Corporation tax hike will make Britain ‘significantly worse place to do business’: Jeremy Hunt’s corporation tax hike will make Britain a “significantly worse place to do business”, a top think-tank has warned. The increase, which will take the levy from 19% to 25% next month, will knock around £30bn from the UK’s annual economic output, the Centre for Policy Studies (CPS) found. Ahead of next week’s spring Budget, CPS director Robert Colvile said the hike would be a “big mistake”, reports The Daily Mail. The CPS said raising corporation tax, while letting the super-deduction tax break expire, would make the UK a less attractive place to invest. The changes would see Britain drop from 10th to 33rd out of 38 Organisation for Economic Co-operation and Development countries, based on the competitiveness of its taxes. The CPS said it is “not too late” to reconsider the tax hike, and the government should introduce a system to replace the super-deduction – which gives big tax breaks to companies investing in infrastructure and factory and machinery assets. Mr Hunt is considering replacement options such as a full expensing regime, which would allow investments to be offset against profits for tax purposes. The CPS said a “generous” version of the tax break could boost the economy by 3.4% in the long run – adding more than £60bn to GDP each year. Mr Colvile said: “We still believe that increasing corporation tax is a big mistake. But introducing full expensing as a replacement for the expiring super-deduction would at least compensate for its effects and persuade businesses to help deliver the growth we so desperately need.” The government said the UK’s corporation tax will still be the lowest in the G7 after April, while 70% of companies will be unaffected by the increase.

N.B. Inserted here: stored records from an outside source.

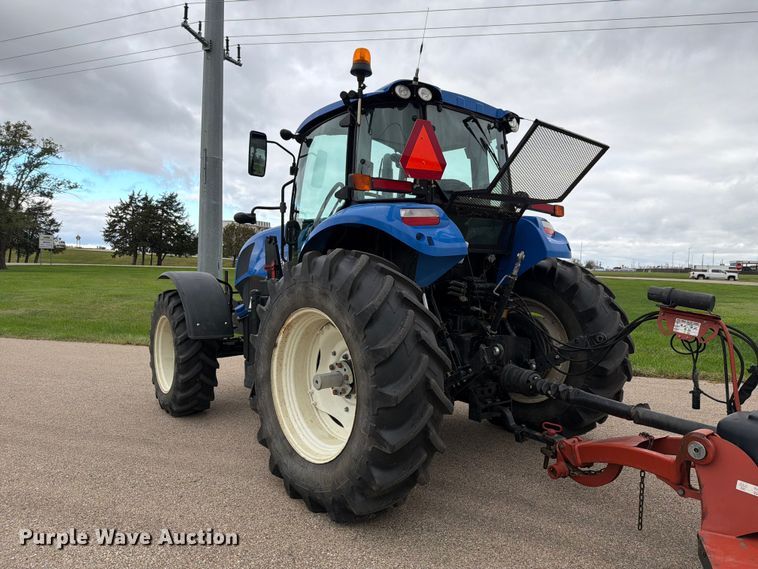 image for item FH6471 2020 New Holland TS6.110 MFWD tractor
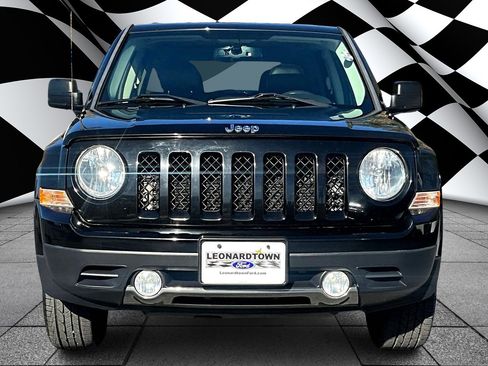 Used 2017 Jeep Patriot High Altitude image 3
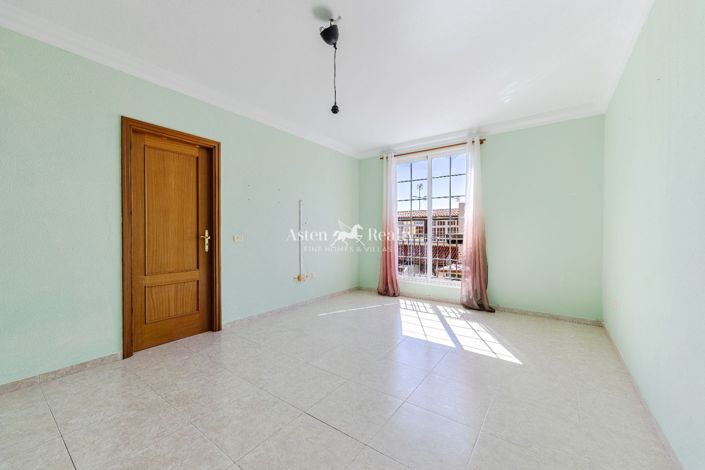 Image No.12-3 Bed Flat for sale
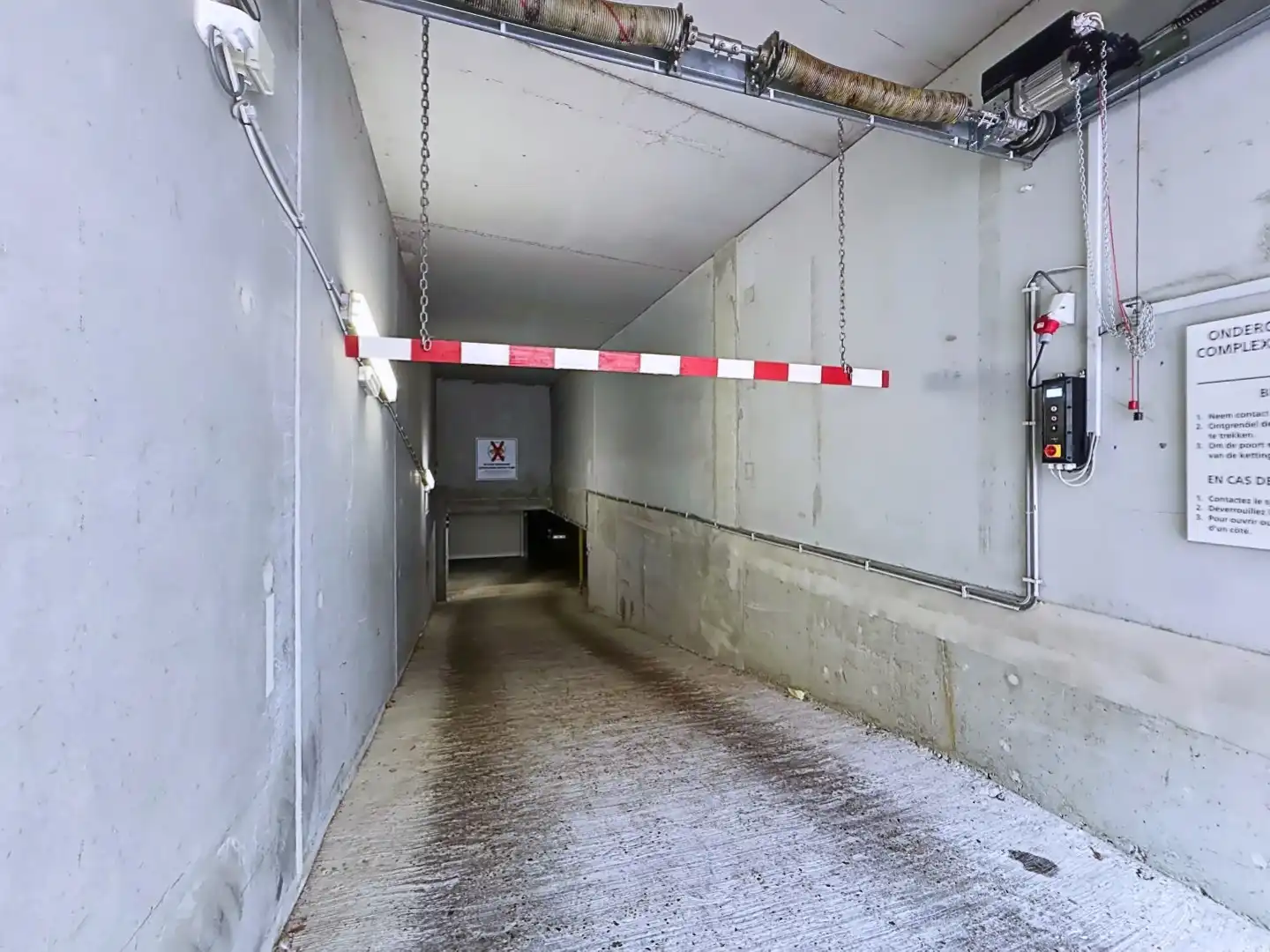 Centraal gelegen en makkelijk in te rijden dubbele autostandplaats foto 4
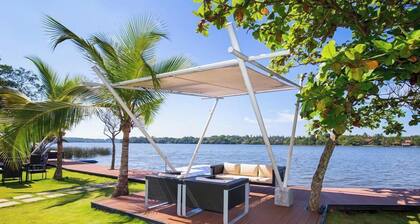 Houseboats By DAE Colombo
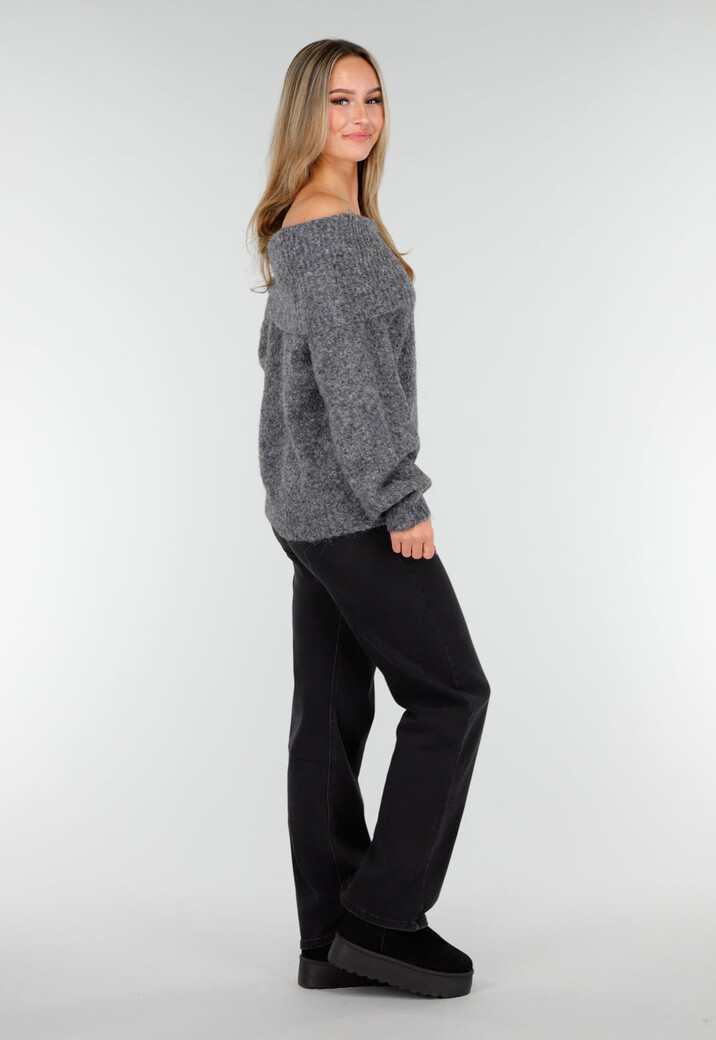 Grijze Off Shoulder Gebreide Trui met Brede Omgeslagen Halslijn en Lange Mouwen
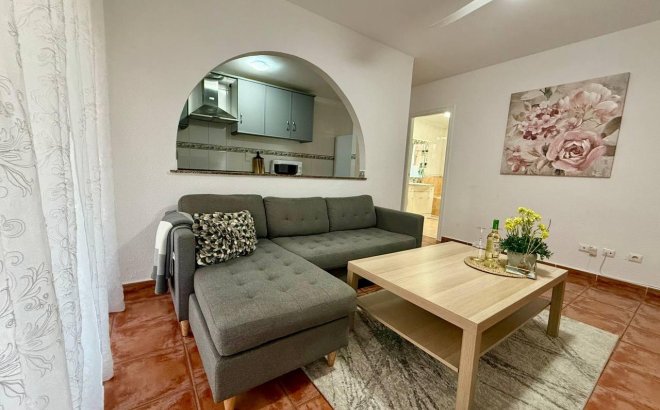 Herverkoop - Appartement -
Torrevieja - Playa del Cura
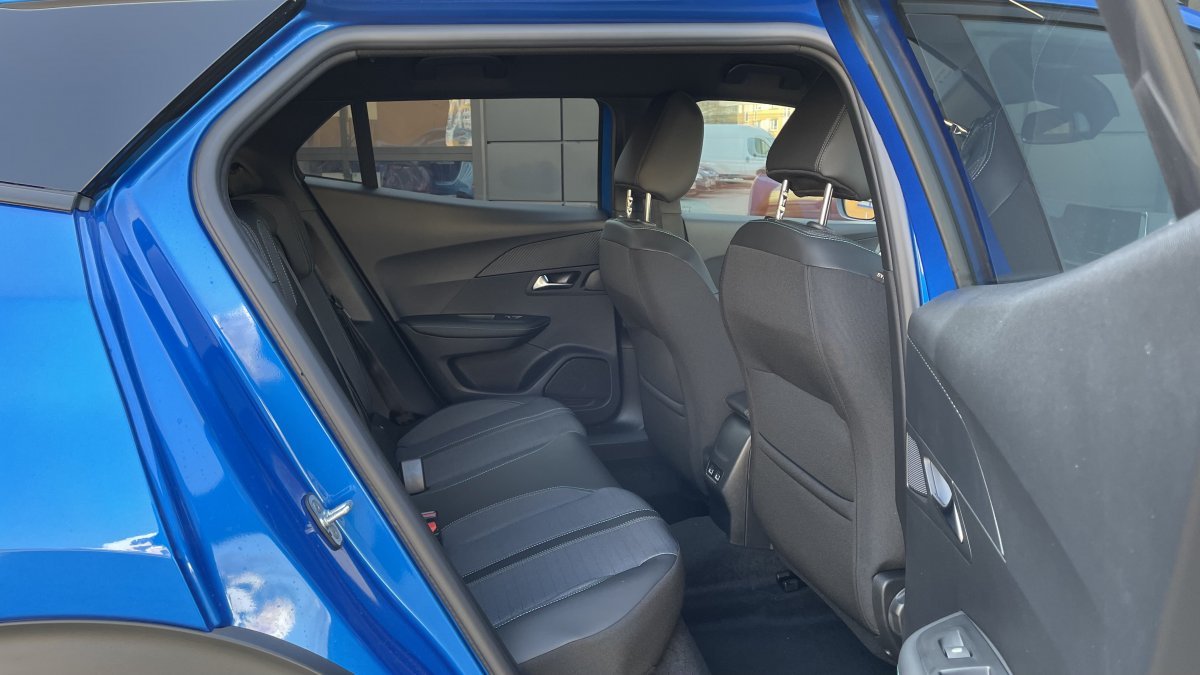 Peugeot 2008 NEW 1,5 BlueHDi ALLURE 130k EAT8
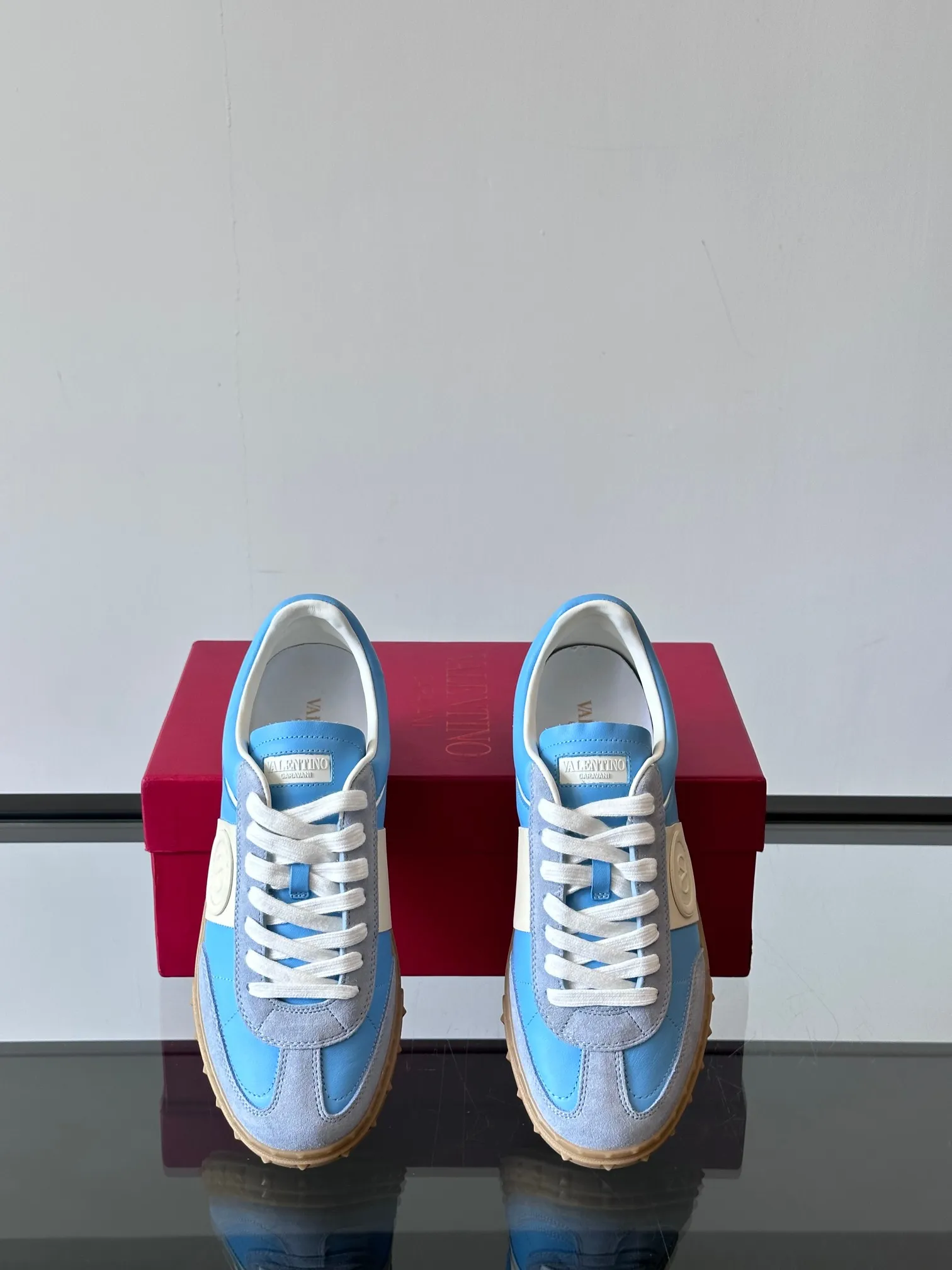 Factory price: 438💰Original quality, top version on the market VALENTINO (Valentino) latest fashion week catwalk [couples 👫 model], unique design, fashionable family specializes in slim feet🔥A fashion product of Baita [strong] Fabric: The toe is made of high mercerized triangular grain cowhide and A-grade full-grain cowhide, original lasting process Inner lining: cowhide lining + men's shoes 💰U hanging mesh feet, heels and tongues decorated with VaIentin* shallow relief oversized rivets Size: 38-44, customized 45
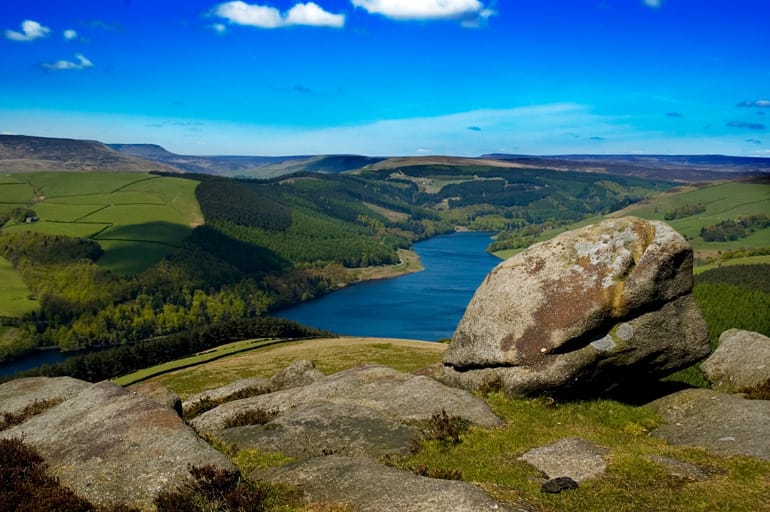 greatlittlebreaks-ladybower-reservoir-peak-district.jpg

Hunt lines up pensions boost to encourage people to work longer: Jeremy Hunt will hand middle-class workers a pension boost next week in a bid to encourage them to extend their careers into later life. Whitehall sources said the chancellor will use the Budget to unveil “significant” increases in pension allowances. The £1million lifetime allowance on tax-free pension savings will see the first substantial increase for a decade, while the £40,000 cap on annual pension contributions will also be raised. Both moves are designed to tackle the “pension trap” which can leave some workers facing punitive tax charges if they continue working later into life. The hospitality industry is one of many sectors facing a recruitment crisis after tens of thousands failed to return to work after the pandemic. Helen Morrissey, retirement analyst at Hargreaves Lansdowne, said raising the allowances was particularly helpful to those with final salary pension schemes. “The lifetime allowance is not a rich person’s issue any more,” she told the Daily Mail. “Because of the way it has been reduced over time, it is now biting on a whole range of people who have long service, particularly where they are in a defined benefit scheme.”